I first heard the poem The Bridge Builder by Will Allen Dromgoole when the former Reform Party of Canada attributed it to my grandfather, Douglas Lloyd Campbell. All of my Campbell cousins will remember that the party created an award that would be presented to an individual that best embodies the spirit of the poem, just as Grandpa did.
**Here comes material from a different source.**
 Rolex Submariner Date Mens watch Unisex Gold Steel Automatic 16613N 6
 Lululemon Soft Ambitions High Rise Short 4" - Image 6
My Dad followed a similar path, and the highest compliment one could pay him is to compare him to DL. They were two superb human beings:

The Bridge Builder
by Will Allen Dromgoole

An old man going a lone highway,
Came at evening cold and grey,
To a chasm, vast and deep and wide,
Through which was flowing a sullen tide.
The old man crossed in the twilight dim -
That sullen stream had no fears for him;
But he turned when he reached the other side,
And built a bridge to span the tide.

"Old man," said a fellow pilgrim near,
"You are wasting strength in building here.
Your journey will end with the ending day;
You never again must pass this way.
You have crossed the chasm deep and wide,
Why build you a bridge at the eventide?"

The builder lifted his old grey head.
"Good friend, in the path that I have come," he said,
"There followeth after me today
A youth whose feet must pass this way.
This chasm that has been naught to me
To that fair-haired youth may a pitfall be.
He, too, must cross on the twilight dim;
Good friend, I am building the bridge for him."